Give me shelter, Haiti pleads
The psalmist this Sunday asks to be rescued and delivered so as to take refuge in the Lord, while the gospel speaks of a time when “severe famine spread over the entire land.” While the effort to find survivors in the rubble of Haiti’s earthquake winds down ...
The psalmist this Sunday asks to be rescued and delivered so as to take refuge in the Lord, while the gospel speaks of a time when “severe famine spread over the entire land.” While the effort to find survivors in the rubble of Haiti’s earthquake winds down, some 1 million newly homeless Haitians still need refuge and deliverance from homelessness and hunger.

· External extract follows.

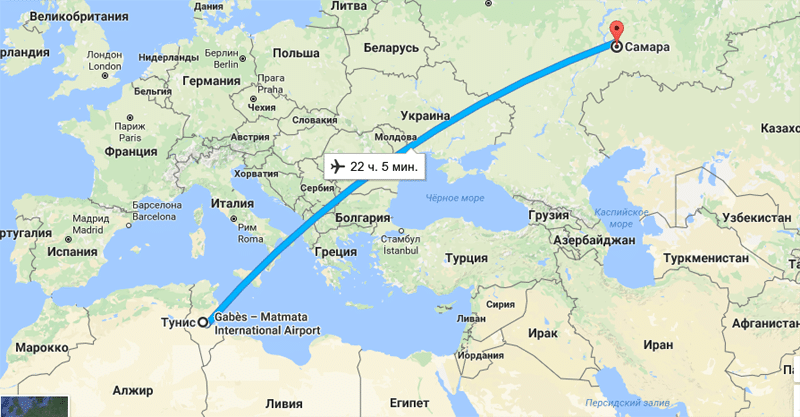 Через какие страны летит самолет в тунис. сколько часов лететь до различных курортов туниса? если лететь с двумя пересадками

The collapse of much of Haiti’s capital has left a large part of the nation struggling to find a place to sleep, and there are too few tents, let alone safe buildings, to put them in. Competition for the smattering of canvas homes has boiled over into arguments and fights, a sign of the desperation felt by the hundreds of thousands of homeless people struggling for shelter. Haiti’s president has asked the world for 200,000 tents and said he would sleep in one himself.

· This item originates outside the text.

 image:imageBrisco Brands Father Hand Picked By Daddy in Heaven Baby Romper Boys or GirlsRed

The International Organization for Migration has so far been able to fly in only a fraction of the family-size tents needed. As a stopgap the organization is trying to rush in tens of thousands of tarpaulins and plastic sheets--an upgrade for people miserably squatting under bed sheets or cardboard.

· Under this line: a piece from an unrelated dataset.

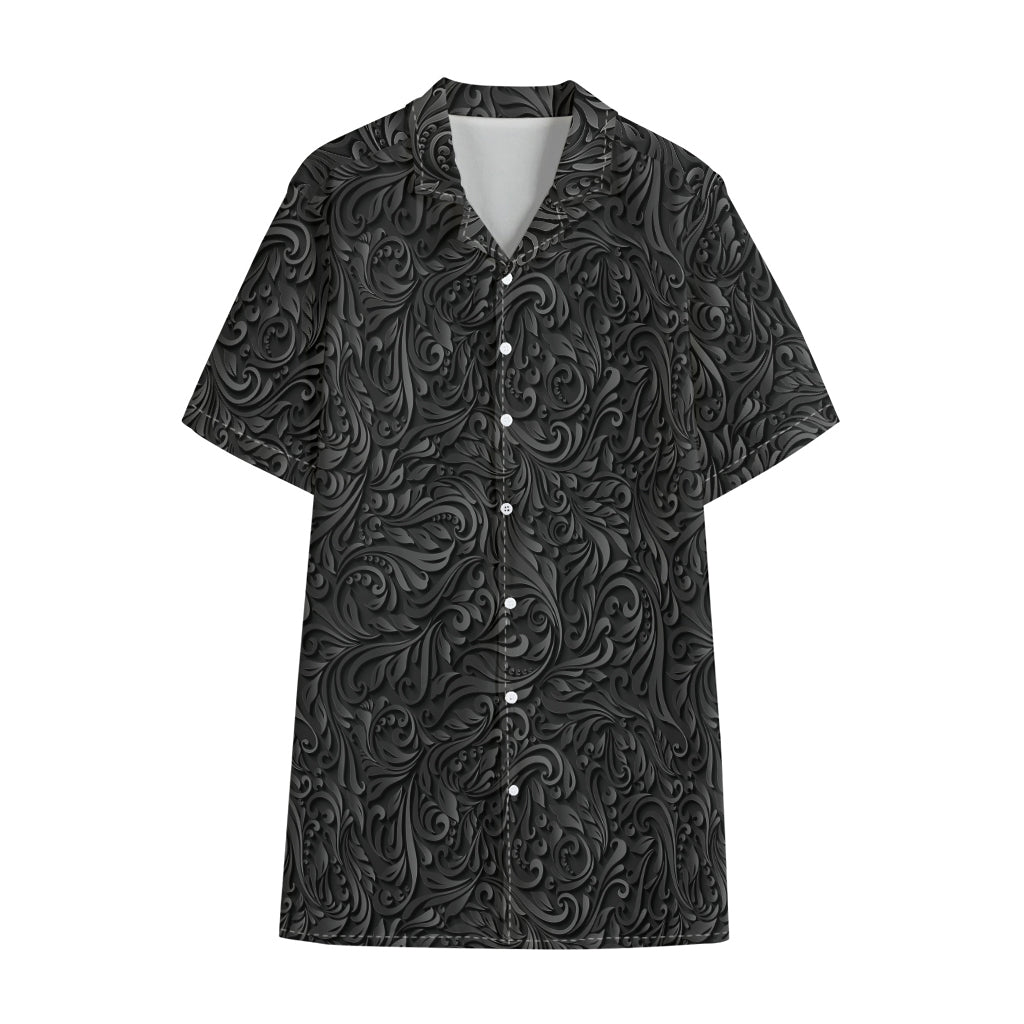 Black Western Damask Floral Print Cotton Hawaiian Shirt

Two weeks into the quake catastrophe, food remains scarce for many of the survivors despite the efforts of the United Nations, the U.S. military, and scores of international aid agencies. Haitian leaders said coordination has been poor, while relief experts said this disaster is presenting unprecedented challenges.
The World Food Program acknowledged that rising tensions and security incidents--including people rushing distribution points for food--have hampered deliveries. Since the first days of the massive relief effort, however, other problems have also delayed aid: blocked and congested roads, shortages of trucks, a crippled seaport, and the overloaded Port-au-Prince airport.
Particularly grave is the plight of many thousands of children scattered among Port-au-Prince’s makeshift camps. They have nobody to care for them, aid workers said, leaving them without protection against disease, child predators, and other risks.
“They are extremely vulnerable,” said Kate Conradt, a spokeswoman for the aid group Save the Children. She said U.N. experts estimate there may be 1 million unaccompanied or orphaned children or youngsters who lost at least one parent in the January 12 quake.